O professor Davi Maia, da Faculdade Nova Roma, afirma que a popularização de ferramentas como o ChatGPT traz muitos avanços práticos na sociedade, mas também preocupações. Ele aponta três principais desafios que acompanham esse avanço tecnológico. “O primeiro deles é a segurança e privacidade dos dados, visto que vivemos na era da informação e muitas vezes não sabemos quais dados estão sendo coletados e como serão utilizados. O segundo desafio é de natureza ética, relacionado ao compartilhamento de dados com outras organizações e a utilização dessas informações para recomendações e anúncios. Por fim, a questão da disseminação de fake news e deep fakes, com a preocupação de deturpar verdades e atentar contra a dignidade das pessoas.”

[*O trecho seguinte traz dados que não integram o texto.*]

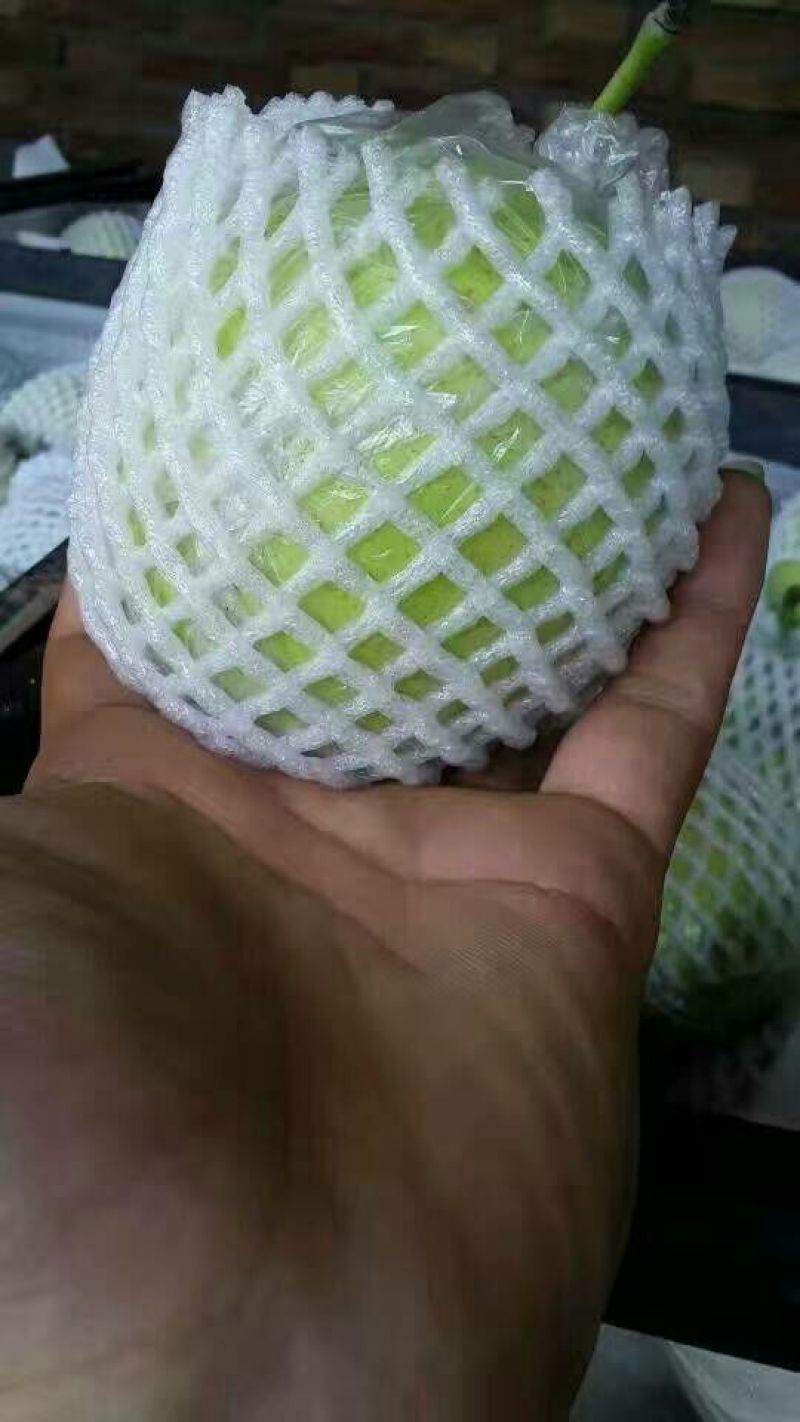 鸭梨250~300g纸加膜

Davi Maia considera que há um receio visível de que profissionais sejam substituídos por máquinas na sociedade, mas tem um pensamento diferente. “A história da humanidade mostra que a substituição de atividades por tecnologias mais eficientes é um processo natural. É importante ressignificar o trabalho humano, buscando novas habilidades e especializações para destaque em um mercado cada vez mais impulsionado pela inteligência artificial.” O crescimento do setor de ciência de dados e o surgimento de vagas nessa área indicam que o mercado de trabalho está se adaptando à revolução tecnológica, ainda que de forma menos acelerada do que em outros países.

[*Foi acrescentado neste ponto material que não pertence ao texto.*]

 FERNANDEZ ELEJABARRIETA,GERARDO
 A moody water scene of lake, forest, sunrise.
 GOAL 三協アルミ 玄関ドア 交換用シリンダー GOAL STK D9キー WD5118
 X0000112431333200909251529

Os olhares são diversos sobre a chegada mais forte das IAs no mercado de trabalho. A velocidade dessa nova onda de transição tecnológica é uma das novidades em comparação às anteriores. As políticas de qualificação profissional são vistas por parte dos analistas como solução, por outra parte como insuficientes para a transição que vivemos. O debate, segundo a professora Ana Carolina Leite, precisa ser bem mais amplo do que a capacitação de mão de obra para o mundo tecnológico e abranger o próprio modelo de produção.

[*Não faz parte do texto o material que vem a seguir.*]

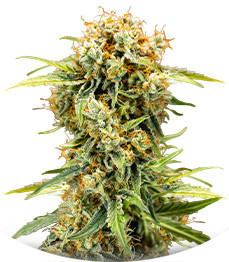 Сорт Medusa F1 Auto fem (RQS)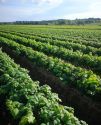 Da tre generazioni al fianco dei viticoltori
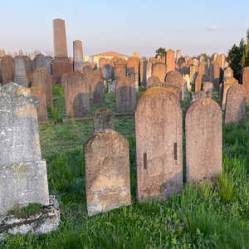 Židovský cintorín - Dunajská Streda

Desafios e dilemas que afetam também Pernambuco, com seus polos tecnológicos conectados ao que há de mais moderno no Século 21, convivendo, em paralelo, com o Pernambuco das desigualdades abissais da sua mão de obra e problemas sociais de séculos passados. Ambas as realidades lidam agora com os efeitos positivos e negativos da popularização das inteligências artificiais.